No Chile, jovens estudantes se rebelam contra o governo exigindo maiores investimentos na educação pública. O ensino foi privatizado com a ascensão do ditador Pinochet ao poder e essa situação se manteve durante os "governos democráticos". Mais repressão, prisões e processos na Justiça contra os manifestantes. Um jovem estudante morreu vítima da bala assassina da polícia.

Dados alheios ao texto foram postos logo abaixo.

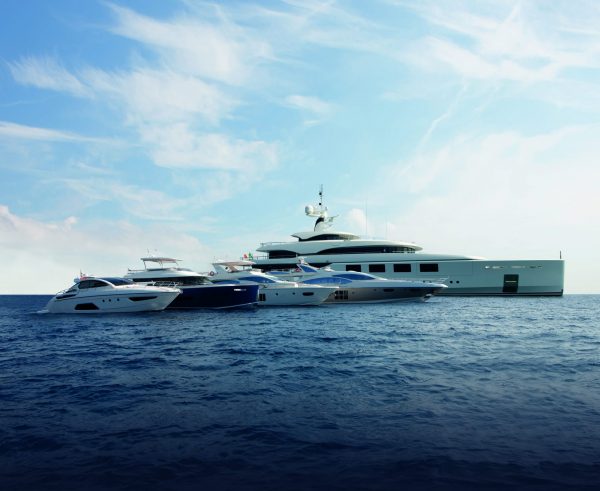 La flotta Azimut Benetti in mare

Na Bolívia, indígenas marcharam centenas de quilômetros até a capital La Paz para protestar contra a construção de uma rodovia que atravessaria o Território Indígena Parque Nacional Isiboro Sécure (TIPNIS). Empreendimento financiado pelo Brasil através do Banco Nacional de Desenvolvimento Econômico Social (BNDES), e cuja construção estaria a cargo de uma grande empreiteira brasileira. A repressão contra os indígenas foi violenta: tiros, prisões, crianças separadas de seus pais e uma pessoa assassinada pelas forças policiais. Repressão esta cometida por um governo que possui um indígena no seu comando, Evo Morales.


No Brasil, o governo federal ignora as denúncias da sociedade civil sobre as diversas ilegalidades cometidas pelo Estado brasileiro para garantir a construção de Belo Monte. Contudo, já é possível constatar os impactos negativos dessa obra: crescimento expressivo da violência contra mulheres e crianças, centenas de famílias sem teto por não terem onde morar devido o abusivo aumento do preço dos aluguéis, carestia, assaltos, assassinatos etc. Tudo em nome do "progresso" e do "desenvolvimento" (para quem?).

Apesar de tudo o que citamos acima há quem ainda se indigna e vai à luta. Esse é o aspecto positivo da coisa. O que nos faz acreditar firmemente que tudo ainda pode ser mudado.